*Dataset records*
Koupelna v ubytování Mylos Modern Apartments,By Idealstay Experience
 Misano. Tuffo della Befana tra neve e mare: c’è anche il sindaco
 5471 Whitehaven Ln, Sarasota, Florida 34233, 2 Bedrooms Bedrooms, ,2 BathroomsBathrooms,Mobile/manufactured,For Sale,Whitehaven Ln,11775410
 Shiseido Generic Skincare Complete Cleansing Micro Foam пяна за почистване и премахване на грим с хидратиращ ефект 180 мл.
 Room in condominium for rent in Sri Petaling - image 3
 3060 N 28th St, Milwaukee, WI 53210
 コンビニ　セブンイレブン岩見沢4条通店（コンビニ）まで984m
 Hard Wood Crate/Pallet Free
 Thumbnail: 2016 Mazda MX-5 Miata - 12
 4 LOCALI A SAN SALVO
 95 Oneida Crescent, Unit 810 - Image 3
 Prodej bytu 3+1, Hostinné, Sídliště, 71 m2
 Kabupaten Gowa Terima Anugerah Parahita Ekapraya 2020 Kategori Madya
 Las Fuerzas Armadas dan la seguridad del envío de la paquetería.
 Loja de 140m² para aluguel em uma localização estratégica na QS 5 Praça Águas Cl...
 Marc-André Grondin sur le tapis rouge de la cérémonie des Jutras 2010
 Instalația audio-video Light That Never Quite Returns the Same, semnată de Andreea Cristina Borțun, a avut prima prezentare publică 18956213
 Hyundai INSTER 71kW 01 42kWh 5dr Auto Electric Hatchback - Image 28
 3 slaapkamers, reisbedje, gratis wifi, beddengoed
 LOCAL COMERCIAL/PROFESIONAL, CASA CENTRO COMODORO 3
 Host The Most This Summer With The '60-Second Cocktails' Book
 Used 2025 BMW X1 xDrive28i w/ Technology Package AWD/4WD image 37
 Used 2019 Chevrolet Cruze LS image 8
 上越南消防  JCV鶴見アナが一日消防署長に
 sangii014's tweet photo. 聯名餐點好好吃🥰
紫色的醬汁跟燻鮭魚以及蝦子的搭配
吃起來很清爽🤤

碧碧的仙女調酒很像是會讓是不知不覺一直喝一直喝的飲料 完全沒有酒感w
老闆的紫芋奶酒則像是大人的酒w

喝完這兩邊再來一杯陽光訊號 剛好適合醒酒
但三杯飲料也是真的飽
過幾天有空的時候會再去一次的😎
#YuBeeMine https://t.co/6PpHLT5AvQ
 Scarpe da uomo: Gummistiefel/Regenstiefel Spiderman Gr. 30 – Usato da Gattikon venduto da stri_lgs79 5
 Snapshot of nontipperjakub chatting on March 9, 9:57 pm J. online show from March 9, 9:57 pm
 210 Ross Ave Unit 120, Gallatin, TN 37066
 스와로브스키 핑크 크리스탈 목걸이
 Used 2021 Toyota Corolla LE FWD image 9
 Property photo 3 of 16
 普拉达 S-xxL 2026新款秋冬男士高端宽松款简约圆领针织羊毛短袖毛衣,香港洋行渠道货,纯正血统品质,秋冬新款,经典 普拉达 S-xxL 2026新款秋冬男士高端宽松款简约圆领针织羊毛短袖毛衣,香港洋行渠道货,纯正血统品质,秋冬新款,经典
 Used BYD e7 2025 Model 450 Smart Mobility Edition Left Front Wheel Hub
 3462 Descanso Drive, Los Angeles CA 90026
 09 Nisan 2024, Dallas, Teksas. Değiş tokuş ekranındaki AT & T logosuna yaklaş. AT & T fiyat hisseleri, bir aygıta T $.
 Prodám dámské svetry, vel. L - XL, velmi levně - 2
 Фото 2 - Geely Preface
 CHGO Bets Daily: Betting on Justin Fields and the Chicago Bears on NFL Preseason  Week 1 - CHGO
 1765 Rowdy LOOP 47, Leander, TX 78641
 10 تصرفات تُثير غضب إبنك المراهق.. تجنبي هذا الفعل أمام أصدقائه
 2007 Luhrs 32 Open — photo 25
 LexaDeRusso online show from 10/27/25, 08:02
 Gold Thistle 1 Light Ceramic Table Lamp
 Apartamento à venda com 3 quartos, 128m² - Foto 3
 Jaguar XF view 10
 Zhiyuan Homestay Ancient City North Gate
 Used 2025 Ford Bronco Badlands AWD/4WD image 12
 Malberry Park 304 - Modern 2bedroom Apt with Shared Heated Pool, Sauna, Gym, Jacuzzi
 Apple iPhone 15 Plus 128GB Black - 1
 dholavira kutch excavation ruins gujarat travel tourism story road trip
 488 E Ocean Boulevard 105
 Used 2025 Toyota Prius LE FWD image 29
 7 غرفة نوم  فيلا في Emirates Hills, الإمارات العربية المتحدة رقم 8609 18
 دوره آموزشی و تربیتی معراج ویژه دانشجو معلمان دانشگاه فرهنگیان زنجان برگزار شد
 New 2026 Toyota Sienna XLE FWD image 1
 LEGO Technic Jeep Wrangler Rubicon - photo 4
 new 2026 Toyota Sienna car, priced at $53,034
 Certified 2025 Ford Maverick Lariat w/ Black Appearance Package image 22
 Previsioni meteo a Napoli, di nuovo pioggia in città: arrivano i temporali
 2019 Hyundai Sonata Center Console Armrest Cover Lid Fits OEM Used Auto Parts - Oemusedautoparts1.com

*Prompt*
Reproduce every line of the data exactly as it was written.

*Finished task*
Koupelna v ubytování Mylos Modern Apartments,By Idealstay Experience
 Misano. Tuffo della Befana tra neve e mare: c’è anche il sindaco
 5471 Whitehaven Ln, Sarasota, Florida 34233, 2 Bedrooms Bedrooms, ,2 BathroomsBathrooms,Mobile/manufactured,For Sale,Whitehaven Ln,11775410
 Shiseido Generic Skincare Complete Cleansing Micro Foam пяна за почистване и премахване на грим с хидратиращ ефект 180 мл.
 Room in condominium for rent in Sri Petaling - image 3
 3060 N 28th St, Milwaukee, WI 53210
 コンビニ　セブンイレブン岩見沢4条通店（コンビニ）まで984m
 Hard Wood Crate/Pallet Free
 Thumbnail: 2016 Mazda MX-5 Miata - 12
 4 LOCALI A SAN SALVO
 95 Oneida Crescent, Unit 810 - Image 3
 Prodej bytu 3+1, Hostinné, Sídliště, 71 m2
 Kabupaten Gowa Terima Anugerah Parahita Ekapraya 2020 Kategori Madya
 Las Fuerzas Armadas dan la seguridad del envío de la paquetería.
 Loja de 140m² para aluguel em uma localização estratégica na QS 5 Praça Águas Cl...
 Marc-André Grondin sur le tapis rouge de la cérémonie des Jutras 2010
 Instalația audio-video Light That Never Quite Returns the Same, semnată de Andreea Cristina Borțun, a avut prima prezentare publică 18956213
 Hyundai INSTER 71kW 01 42kWh 5dr Auto Electric Hatchback - Image 28
 3 slaapkamers, reisbedje, gratis wifi, beddengoed
 LOCAL COMERCIAL/PROFESIONAL, CASA CENTRO COMODORO 3
 Host The Most This Summer With The '60-Second Cocktails' Book
 Used 2025 BMW X1 xDrive28i w/ Technology Package AWD/4WD image 37
 Used 2019 Chevrolet Cruze LS image 8
 上越南消防  JCV鶴見アナが一日消防署長に
 sangii014's tweet photo. 聯名餐點好好吃🥰
紫色的醬汁跟燻鮭魚以及蝦子的搭配
吃起來很清爽🤤

碧碧的仙女調酒很像是會讓是不知不覺一直喝一直喝的飲料 完全沒有酒感w
老闆的紫芋奶酒則像是大人的酒w

喝完這兩邊再來一杯陽光訊號 剛好適合醒酒
但三杯飲料也是真的飽
過幾天有空的時候會再去一次的😎
#YuBeeMine https://t.co/6PpHLT5AvQ
 Scarpe da uomo: Gummistiefel/Regenstiefel Spiderman Gr. 30 – Usato da Gattikon venduto da stri_lgs79 5
 Snapshot of nontipperjakub chatting on March 9, 9:57 pm J. online show from March 9, 9:57 pm
 210 Ross Ave Unit 120, Gallatin, TN 37066
 스와로브스키 핑크 크리스탈 목걸이
 Used 2021 Toyota Corolla LE FWD image 9
 Property photo 3 of 16
 普拉达 S-xxL 2026新款秋冬男士高端宽松款简约圆领针织羊毛短袖毛衣,香港洋行渠道货,纯正血统品质,秋冬新款,经典 普拉达 S-xxL 2026新款秋冬男士高端宽松款简约圆领针织羊毛短袖毛衣,香港洋行渠道货,纯正血统品质,秋冬新款,经典
 Used BYD e7 2025 Model 450 Smart Mobility Edition Left Front Wheel Hub
 3462 Descanso Drive, Los Angeles CA 90026
 09 Nisan 2024, Dallas, Teksas. Değiş tokuş ekranındaki AT & T logosuna yaklaş. AT & T fiyat hisseleri, bir aygıta T $.
 Prodám dámské svetry, vel. L - XL, velmi levně - 2
 Фото 2 - Geely Preface
 CHGO Bets Daily: Betting on Justin Fields and the Chicago Bears on NFL Preseason  Week 1 - CHGO
 1765 Rowdy LOOP 47, Leander, TX 78641
 10 تصرفات تُثير غضب إبنك المراهق.. تجنبي هذا الفعل أمام أصدقائه
 2007 Luhrs 32 Open — photo 25
 LexaDeRusso online show from 10/27/25, 08:02
 Gold Thistle 1 Light Ceramic Table Lamp
 Apartamento à venda com 3 quartos, 128m² - Foto 3
 Jaguar XF view 10
 Zhiyuan Homestay Ancient City North Gate
 Used 2025 Ford Bronco Badlands AWD/4WD image 12
 Malberry Park 304 - Modern 2bedroom Apt with Shared Heated Pool, Sauna, Gym, Jacuzzi
 Apple iPhone 15 Plus 128GB Black - 1
 dholavira kutch excavation ruins gujarat travel tourism story road trip
 488 E Ocean Boulevard 105
 Used 2025 Toyota Prius LE FWD image 29
 7 غرفة نوم  فيلا في Emirates Hills, الإمارات العربية المتحدة رقم 8609 18
 دوره آموزشی و تربیتی معراج ویژه دانشجو معلمان دانشگاه فرهنگیان زنجان برگزار شد
 New 2026 Toyota Sienna XLE FWD image 1
 LEGO Technic Jeep Wrangler Rubicon - photo 4
 new 2026 Toyota Sienna car, priced at $53,034
 Certified 2025 Ford Maverick Lariat w/ Black Appearance Package image 22
 Previsioni meteo a Napoli, di nuovo pioggia in città: arrivano i temporali
 2019 Hyundai Sonata Center Console Armrest Cover Lid Fits OEM Used Auto Parts - Oemusedautoparts1.com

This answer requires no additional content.